§ Given data
>>>>

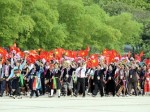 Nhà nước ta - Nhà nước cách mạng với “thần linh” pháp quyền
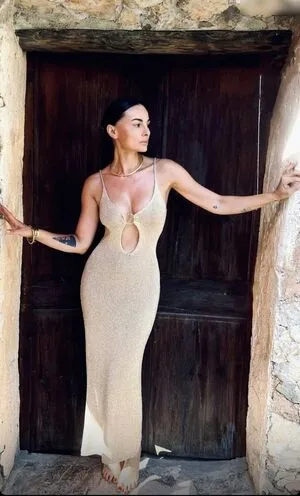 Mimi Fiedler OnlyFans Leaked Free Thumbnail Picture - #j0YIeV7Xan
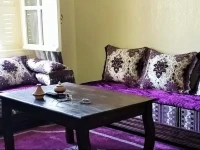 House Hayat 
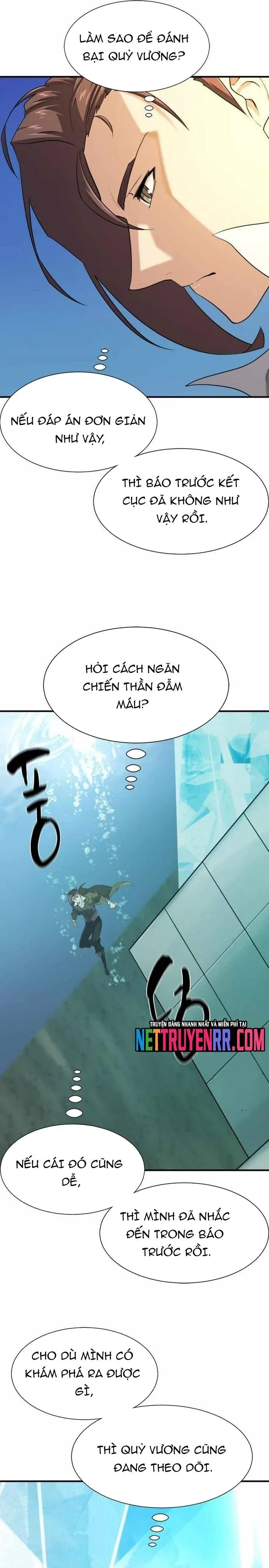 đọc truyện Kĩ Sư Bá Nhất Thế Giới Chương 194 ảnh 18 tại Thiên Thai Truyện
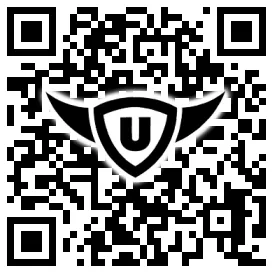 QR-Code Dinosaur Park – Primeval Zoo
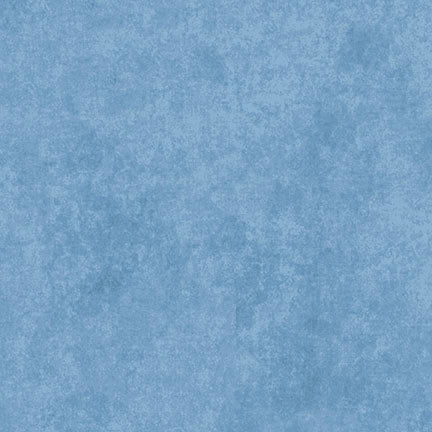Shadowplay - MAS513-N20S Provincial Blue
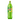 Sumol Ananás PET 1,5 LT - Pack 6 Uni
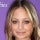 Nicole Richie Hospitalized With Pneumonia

<<<<
>>>>

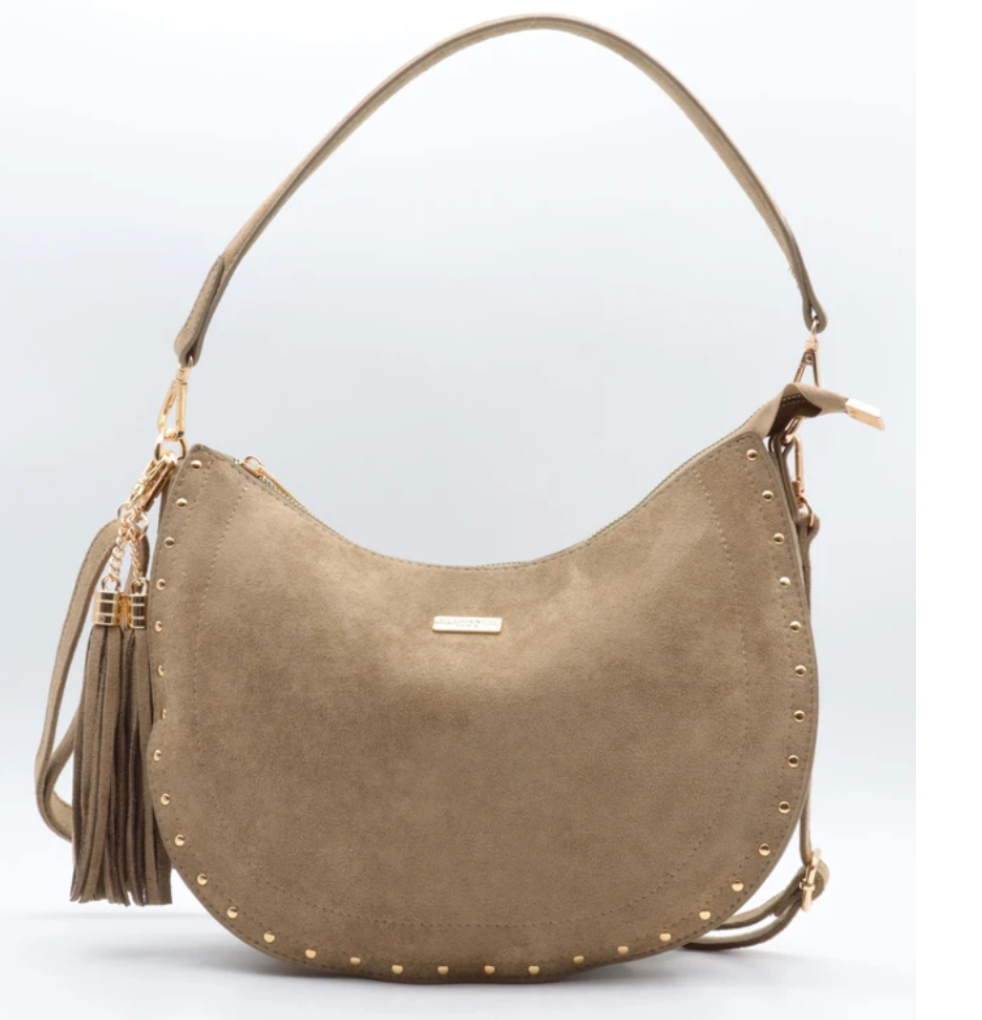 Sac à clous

<<<<

The material above holds pictures; leave them out. Repeat exactly the lines from the one containing "Nhà nước ta" through the one containing "Nicole Richie Hospitalized With Pneumonia", and nothing else.

 Nhà nước ta - Nhà nước cách mạng với “thần linh” pháp quyền
 Mimi Fiedler OnlyFans Leaked Free Thumbnail Picture - #j0YIeV7Xan
 House Hayat 
 đọc truyện Kĩ Sư Bá Nhất Thế Giới Chương 194 ảnh 18 tại Thiên Thai Truyện
 QR-Code Dinosaur Park – Primeval Zoo
Shadowplay - MAS513-N20S Provincial Blue
 Sumol Ananás PET 1,5 LT - Pack 6 Uni
 Nicole Richie Hospitalized With Pneumonia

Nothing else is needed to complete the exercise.